+++ Task material

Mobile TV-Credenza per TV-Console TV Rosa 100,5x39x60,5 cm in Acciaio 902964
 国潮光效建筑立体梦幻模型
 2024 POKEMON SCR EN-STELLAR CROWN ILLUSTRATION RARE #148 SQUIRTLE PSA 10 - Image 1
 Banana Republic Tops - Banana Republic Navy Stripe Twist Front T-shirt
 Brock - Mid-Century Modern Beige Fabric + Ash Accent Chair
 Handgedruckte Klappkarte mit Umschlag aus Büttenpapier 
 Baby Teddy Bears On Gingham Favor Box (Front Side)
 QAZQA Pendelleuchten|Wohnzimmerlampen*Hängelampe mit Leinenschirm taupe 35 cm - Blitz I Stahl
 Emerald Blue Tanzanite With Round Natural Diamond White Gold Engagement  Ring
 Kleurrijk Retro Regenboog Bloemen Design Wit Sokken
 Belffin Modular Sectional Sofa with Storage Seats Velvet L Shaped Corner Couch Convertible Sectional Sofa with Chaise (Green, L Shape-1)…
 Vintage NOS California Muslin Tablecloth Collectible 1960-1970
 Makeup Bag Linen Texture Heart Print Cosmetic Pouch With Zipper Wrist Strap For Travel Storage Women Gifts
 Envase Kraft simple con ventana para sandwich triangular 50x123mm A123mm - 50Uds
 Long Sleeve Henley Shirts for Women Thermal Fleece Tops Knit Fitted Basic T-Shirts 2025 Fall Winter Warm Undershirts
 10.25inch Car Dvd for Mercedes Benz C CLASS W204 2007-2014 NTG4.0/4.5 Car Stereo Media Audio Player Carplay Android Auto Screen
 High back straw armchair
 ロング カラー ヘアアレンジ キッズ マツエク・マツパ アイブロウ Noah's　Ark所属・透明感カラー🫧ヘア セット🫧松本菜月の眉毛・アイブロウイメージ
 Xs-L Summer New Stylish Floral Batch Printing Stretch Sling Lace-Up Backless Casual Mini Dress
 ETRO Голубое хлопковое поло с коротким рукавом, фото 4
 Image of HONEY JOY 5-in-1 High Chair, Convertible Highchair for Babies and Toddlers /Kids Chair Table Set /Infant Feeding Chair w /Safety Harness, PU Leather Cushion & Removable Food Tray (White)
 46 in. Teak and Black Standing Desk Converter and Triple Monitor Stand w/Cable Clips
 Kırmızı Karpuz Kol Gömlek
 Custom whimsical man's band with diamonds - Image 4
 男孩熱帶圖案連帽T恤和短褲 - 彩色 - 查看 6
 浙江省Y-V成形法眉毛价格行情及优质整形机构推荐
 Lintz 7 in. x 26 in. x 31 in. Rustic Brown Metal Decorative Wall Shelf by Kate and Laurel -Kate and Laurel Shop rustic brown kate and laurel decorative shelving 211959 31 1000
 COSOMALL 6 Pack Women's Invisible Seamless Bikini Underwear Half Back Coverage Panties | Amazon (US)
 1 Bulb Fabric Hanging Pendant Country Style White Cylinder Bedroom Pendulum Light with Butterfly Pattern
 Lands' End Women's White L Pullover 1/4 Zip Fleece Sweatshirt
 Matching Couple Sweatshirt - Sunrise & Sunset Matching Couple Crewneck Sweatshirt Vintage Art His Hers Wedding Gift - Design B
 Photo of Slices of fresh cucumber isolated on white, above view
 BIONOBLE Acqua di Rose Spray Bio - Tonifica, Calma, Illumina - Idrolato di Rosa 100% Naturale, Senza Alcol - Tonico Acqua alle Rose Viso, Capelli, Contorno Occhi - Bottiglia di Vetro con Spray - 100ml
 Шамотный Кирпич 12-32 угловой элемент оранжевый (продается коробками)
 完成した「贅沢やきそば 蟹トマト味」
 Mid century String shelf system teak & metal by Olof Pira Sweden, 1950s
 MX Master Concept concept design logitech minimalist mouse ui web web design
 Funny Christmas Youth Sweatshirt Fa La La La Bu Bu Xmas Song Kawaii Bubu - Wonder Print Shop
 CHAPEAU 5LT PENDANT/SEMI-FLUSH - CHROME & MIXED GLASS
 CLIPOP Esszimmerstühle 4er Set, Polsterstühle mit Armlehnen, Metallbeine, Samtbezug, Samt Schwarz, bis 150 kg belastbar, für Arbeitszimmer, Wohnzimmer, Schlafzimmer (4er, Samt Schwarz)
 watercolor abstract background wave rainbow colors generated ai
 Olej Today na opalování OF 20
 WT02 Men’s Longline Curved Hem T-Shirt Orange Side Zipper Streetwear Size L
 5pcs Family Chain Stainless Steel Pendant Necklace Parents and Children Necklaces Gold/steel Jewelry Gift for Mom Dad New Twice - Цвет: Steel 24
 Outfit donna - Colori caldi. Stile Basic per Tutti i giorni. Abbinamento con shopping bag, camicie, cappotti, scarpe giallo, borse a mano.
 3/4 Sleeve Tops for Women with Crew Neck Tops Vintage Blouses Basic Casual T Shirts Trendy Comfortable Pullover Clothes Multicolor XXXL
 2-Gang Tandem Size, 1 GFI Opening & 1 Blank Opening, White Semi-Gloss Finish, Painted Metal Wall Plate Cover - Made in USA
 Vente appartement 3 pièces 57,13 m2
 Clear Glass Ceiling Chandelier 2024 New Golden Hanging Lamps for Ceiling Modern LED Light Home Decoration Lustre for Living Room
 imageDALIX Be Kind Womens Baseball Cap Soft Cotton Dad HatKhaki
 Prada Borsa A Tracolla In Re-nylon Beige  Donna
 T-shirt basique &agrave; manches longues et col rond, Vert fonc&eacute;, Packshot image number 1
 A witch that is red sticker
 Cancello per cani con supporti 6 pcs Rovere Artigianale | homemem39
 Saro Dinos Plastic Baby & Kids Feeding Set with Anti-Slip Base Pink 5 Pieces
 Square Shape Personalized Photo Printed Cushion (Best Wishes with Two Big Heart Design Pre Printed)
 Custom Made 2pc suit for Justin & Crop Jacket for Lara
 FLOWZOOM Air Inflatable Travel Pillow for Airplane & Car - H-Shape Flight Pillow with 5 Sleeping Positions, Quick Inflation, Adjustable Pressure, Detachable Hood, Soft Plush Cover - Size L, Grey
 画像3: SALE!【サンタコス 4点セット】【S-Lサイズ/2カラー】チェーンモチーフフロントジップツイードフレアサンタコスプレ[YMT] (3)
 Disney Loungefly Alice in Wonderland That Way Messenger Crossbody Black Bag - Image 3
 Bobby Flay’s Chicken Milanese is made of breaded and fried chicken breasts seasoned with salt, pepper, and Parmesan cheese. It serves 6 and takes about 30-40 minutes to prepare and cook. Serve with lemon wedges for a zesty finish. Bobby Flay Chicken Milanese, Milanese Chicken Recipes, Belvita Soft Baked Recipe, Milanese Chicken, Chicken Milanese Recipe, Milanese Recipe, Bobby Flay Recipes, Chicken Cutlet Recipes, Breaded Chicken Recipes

++++++

Activity
Which lines in the listing have the string "Front"? Pick them out and copy them.

Answer to the exercise
 Banana Republic Tops - Banana Republic Navy Stripe Twist Front T-shirt
 Baby Teddy Bears On Gingham Favor Box (Front Side)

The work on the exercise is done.